Membership is open to municipalities, from Arab nations, other institutions with related activities and interested individuals. Member cities, according to the website (in 2008), come from the following countries: Algeria, Bahrain, Comoros, Djibouti, Egypt, Iraq, Jordan, Kuwait, Lebanon, Libya, Mauritania, Morocco, Oman, Palestine, Qatar, Saudi Arabia, Somalia, Sudan, Syria, Tunisia, United Arab Emirates and Yemen. There are several related institutions, including a Development Fund for Arab Cities, which began life in 1979, and the Arab Urban Development Institute which started up in 1980, describing itself as ‘the scientific and technical wing of the ATO’. As of 2013, the organization had members from twenty-two countries.

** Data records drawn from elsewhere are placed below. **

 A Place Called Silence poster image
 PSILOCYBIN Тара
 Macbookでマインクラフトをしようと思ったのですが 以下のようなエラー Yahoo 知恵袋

ATO is one of the main partners in the Euro-Arab Forum, which has organised conferences in Dubai in 2008 and Malaga in 2011. The other partners are COPPEM, CEMR and the Congress of the Council of Europe.

As of 2011 the ATO Secretary General was Abdulaziz Al Adasani. He was re-elected in 2010 for another three-year term, at the 15th ATO General Assembly in Kuwait in October 2010. A decision was taken at this meeting to hold the 16th Assembly in Aleppo in 2012.